* [What you have to do]
From top to bottom, retype the data exactly, passing over any picture.

* [Data excerpt]
/---
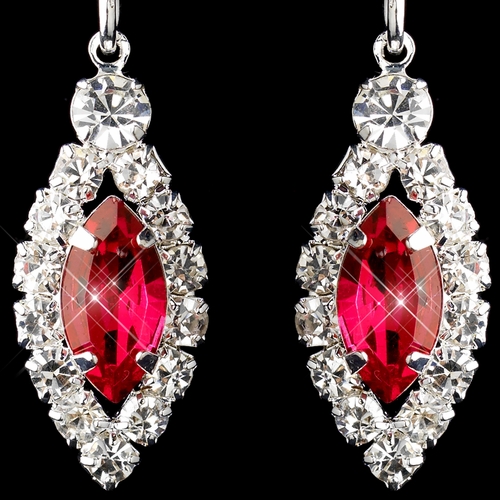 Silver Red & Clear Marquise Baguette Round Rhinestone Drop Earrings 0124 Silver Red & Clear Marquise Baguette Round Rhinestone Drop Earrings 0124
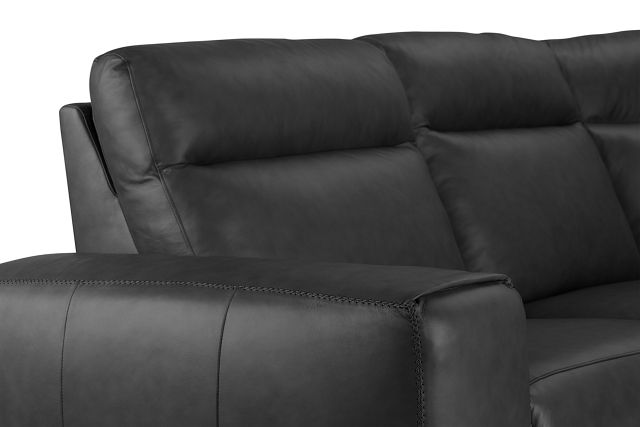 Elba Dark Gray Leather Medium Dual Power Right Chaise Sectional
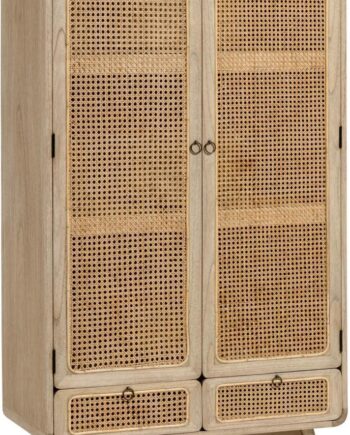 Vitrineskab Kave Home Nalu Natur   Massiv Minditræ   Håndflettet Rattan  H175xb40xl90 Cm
\---
* [Reply to the task]
 Silver Red & Clear Marquise Baguette Round Rhinestone Drop Earrings 0124 Silver Red & Clear Marquise Baguette Round Rhinestone Drop Earrings 0124
 Elba Dark Gray Leather Medium Dual Power Right Chaise Sectional
 Vitrineskab Kave Home Nalu Natur   Massiv Minditræ   Håndflettet Rattan  H175xb40xl90 Cm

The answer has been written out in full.